Klar ist bis jetzt nur, dass die Grosse Koalition (CDU, CSU, SPD) im nächsten Jahr ein entsprechendes Gesetz verabschieden will – und bei der PKW-Maut für Ausländer vermutlich zu einem Trick greifen muss. Demnach sollen sich zwar auch die deutschen Automobilisten eine Vignette an die Frontscheibe kleben. Den Betrag, den sie dafür entrichten, können sie aber an die Motorfahrzeugsteuer anrechnen. Sollte eine Vignette zum Beispiel 100 Euro pro Jahr kosten, müssten die Deutschen einfach 100 Euro weniger Motorfahrzeugsteuer abliefern.
Österreich und die Niederlande wittern in diesem Konstrukt eine Diskriminierung von Ausländern. Das EU-Recht verbietet Derartiges. Bereits haben Wien und Amsterdam mit Klagen vor dem Europäischen Gerichtshof gedroht.
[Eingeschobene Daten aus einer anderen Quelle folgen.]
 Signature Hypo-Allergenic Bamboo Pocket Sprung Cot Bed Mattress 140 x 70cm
Nichtsdestotrotz kann sich der Bundesrat vorstellen, ein Maut-System nach deutschem Vorbild auch in der Schweiz zu installieren. In einer schriftlich nachgereichten, bis jetzt unbeachteten Antwort zur Fragestunde des Nationalrats lässt Verkehrsministerin Doris Leuthard (CVP) ausrichten, der Bundesrat werde eine solche Massnahme prüfen – falls sich herausstelle, dass Deutschland die Maut EU-kompatibel einführen könne. Mit anderen Worten: Die Landesregierung macht sich Gedanken, inwiefern sie ausländische Autofahrer stärker zur Kasse bitten kann. Die Voraussetzung: Dobrindt schafft das Kunststück, eine Brüssel-konforme Maut zu erfinden.
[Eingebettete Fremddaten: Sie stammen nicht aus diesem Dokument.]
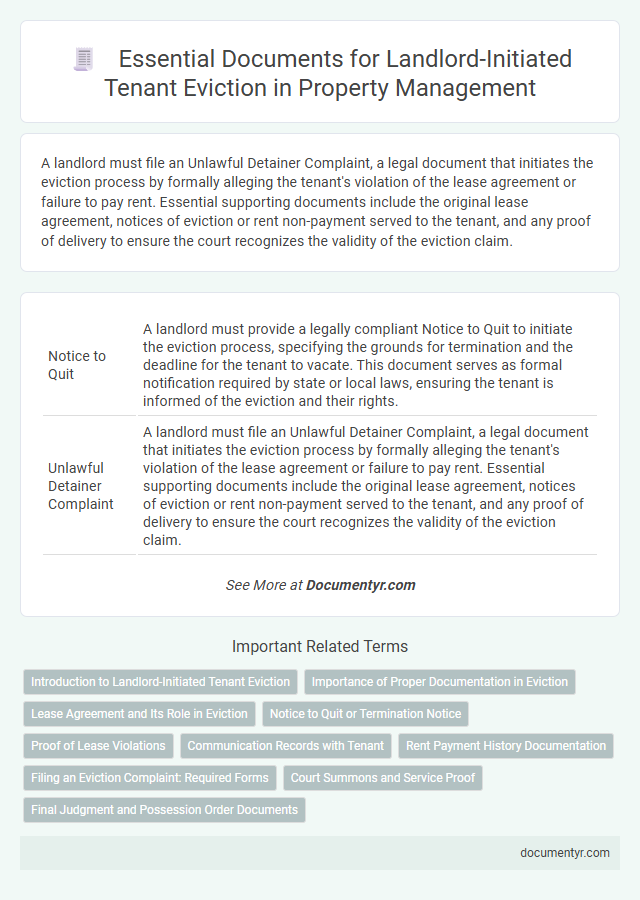 Essential Documents for Landlord-Initiated Tenant Eviction in Property Management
Leuthards Pressesprecherin Annetta Bundi mag «den bisher gemachten Ausführungen nichts» beifügen. Bald aber wird sich die CVP-Magistratin detaillierter zum Thema «differenzierte Vignette für Ausländer» äussern müssen. Der Nidwaldner SVP-Nationalrat Peter Keller freut sich zwar, dass der Bundesrat einer solchen Idee grundsätzlich positiv gegenüberstehe. Nicht nachvollziehen kann er, dass der Bundesrat zuerst abwarten will, ob die EU die deutsche Variante schluckt. «Das ist eine unverständliche, mutlose Haltung», sagt er.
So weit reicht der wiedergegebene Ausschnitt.